→ TASK BRIEF: From the line that includes "Crocs x Balenciaga 巴黎世家联名卡骆驰厚底圆头洞洞鞋" to the last line of the records that follow, copy every line exactly and nothing more, omitting pictures.

→ DATA SHOWN:
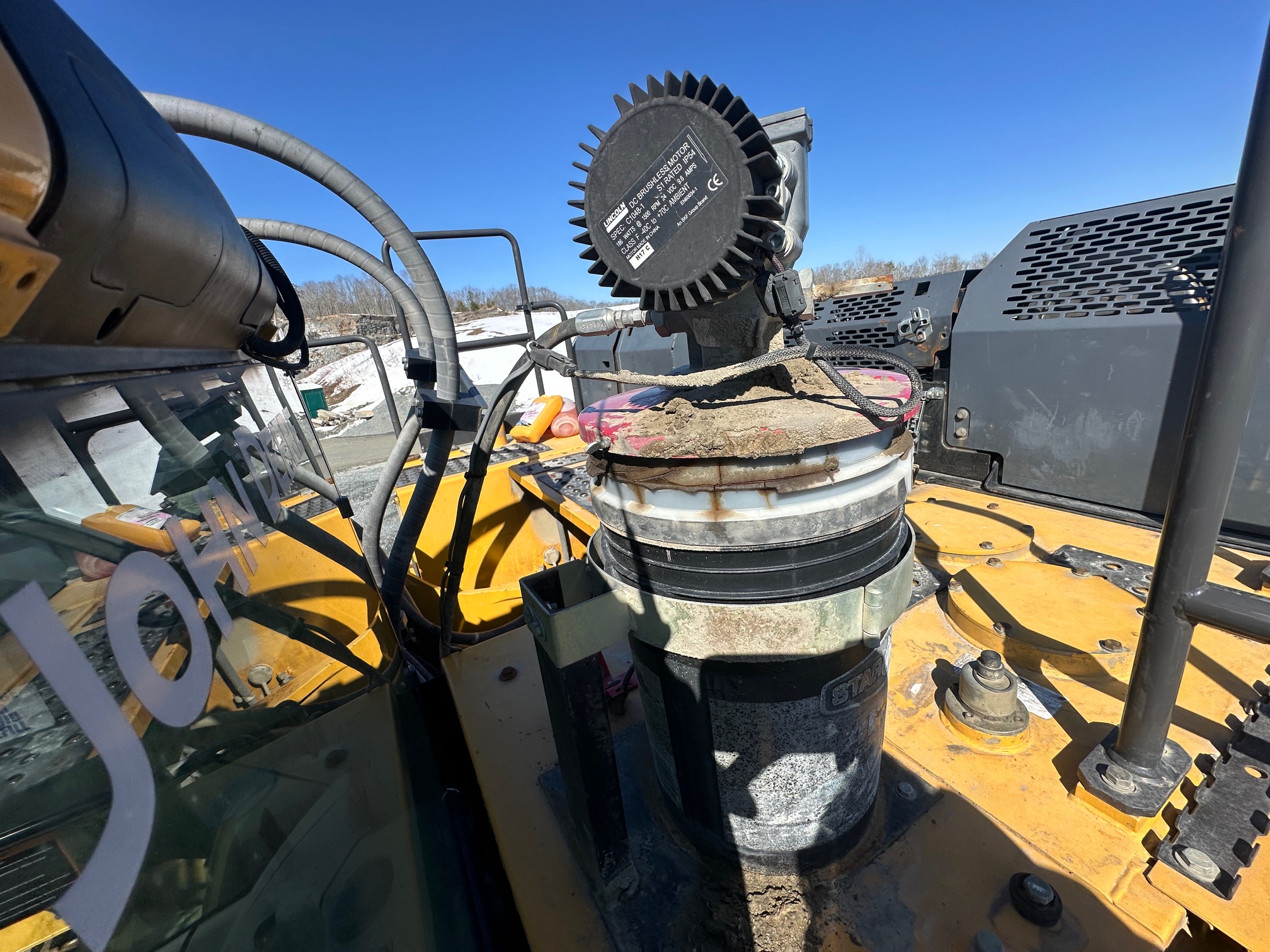 2017 DEERE 470G LC - Image 42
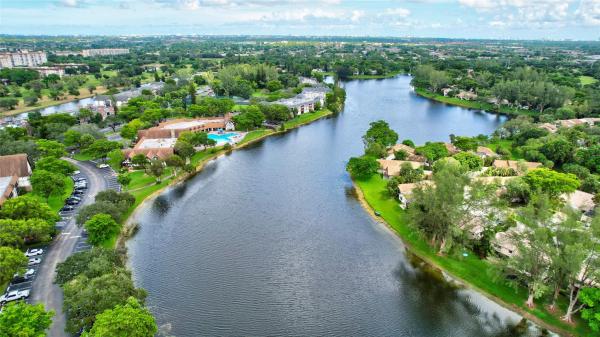 The Hills Of Inverrary, 3439 Spring Bluff Pl #5, Lauderhill, Florida 33319, image 1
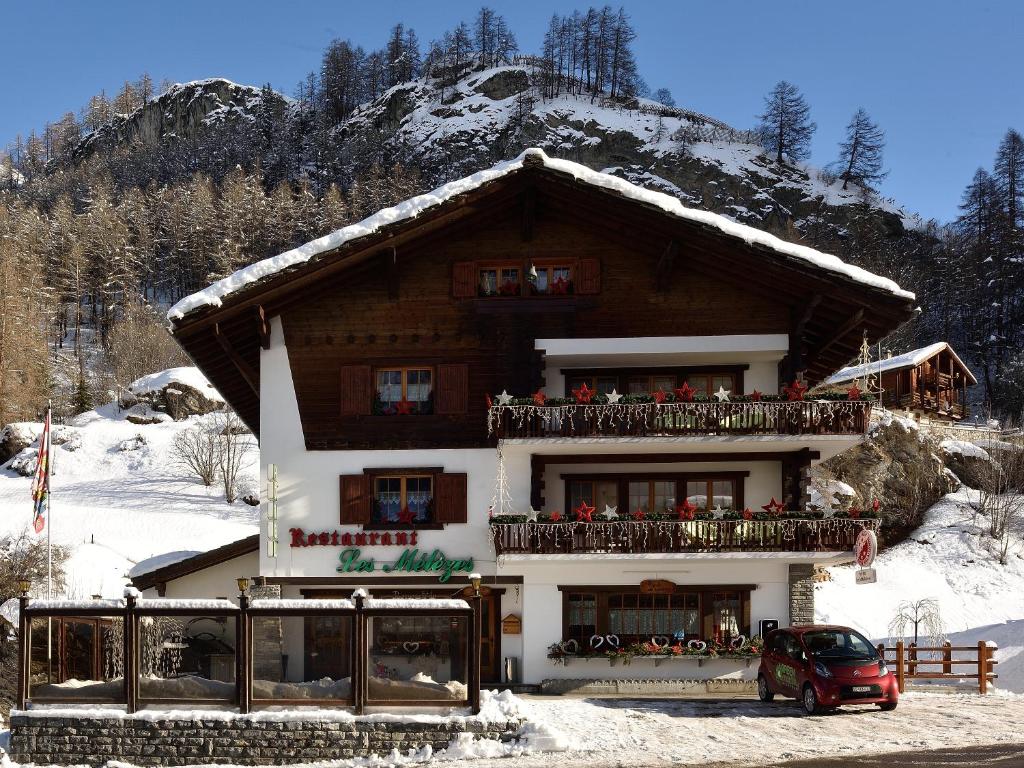 Gallery image of Hotel Les Mélèzes in Haudères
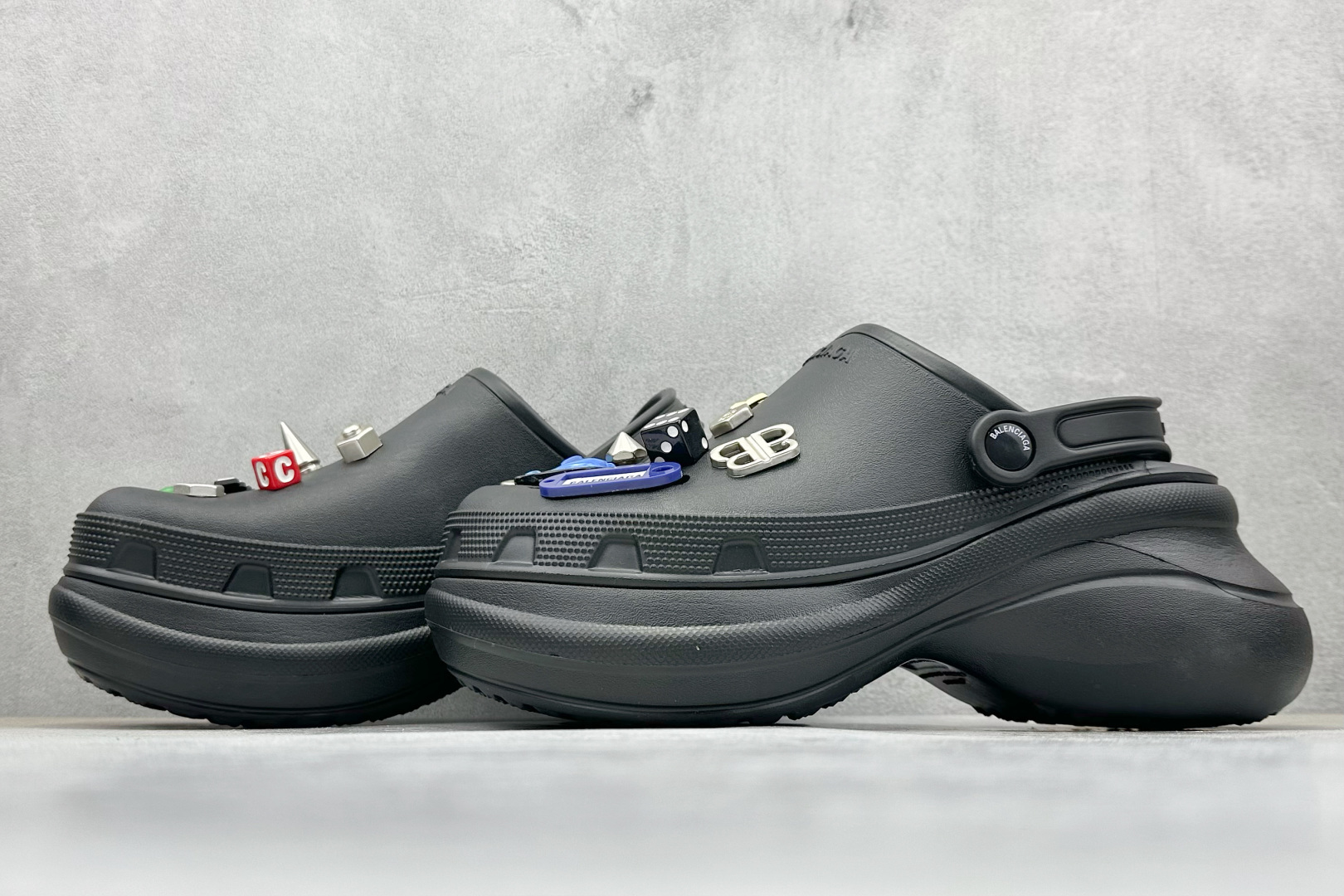 Crocs x Balenciaga 巴黎世家联名卡骆驰厚底圆头洞洞鞋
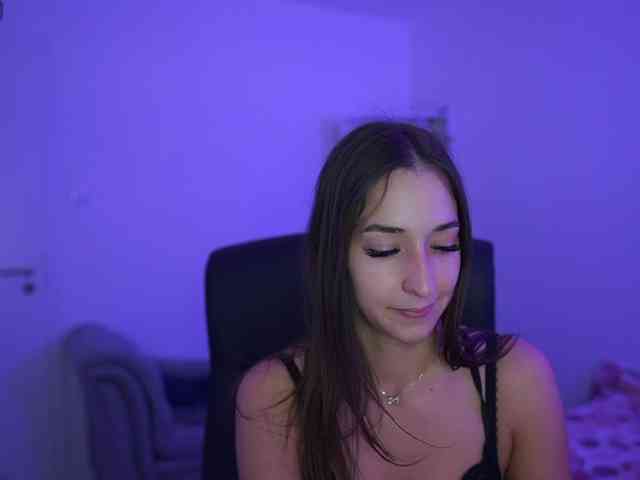 Crystalbrunette18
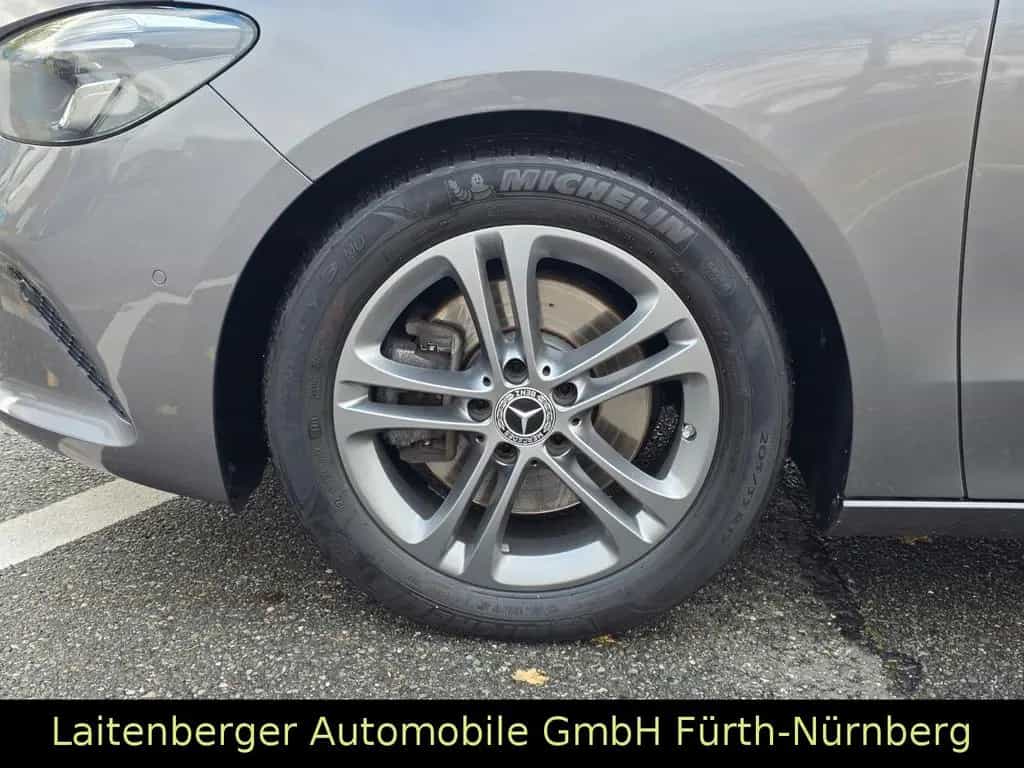 Mercedes-Benz B 220 4Matic*ACC*LED*MBUX*NAVI*LEDER*KAMERA*AHK 06/2019-photo-46
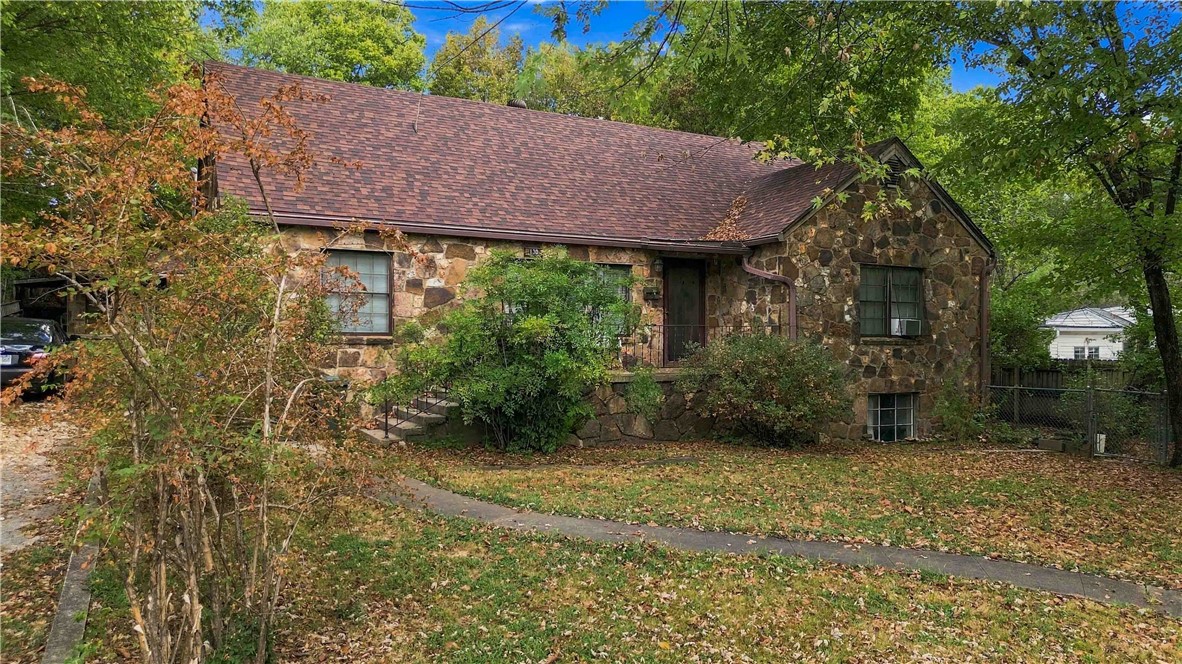 main property photo 28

→ EXERCISE RESPONSE:
 Crocs x Balenciaga 巴黎世家联名卡骆驰厚底圆头洞洞鞋
 Crystalbrunette18
 Mercedes-Benz B 220 4Matic*ACC*LED*MBUX*NAVI*LEDER*KAMERA*AHK 06/2019-photo-46
 main property photo 28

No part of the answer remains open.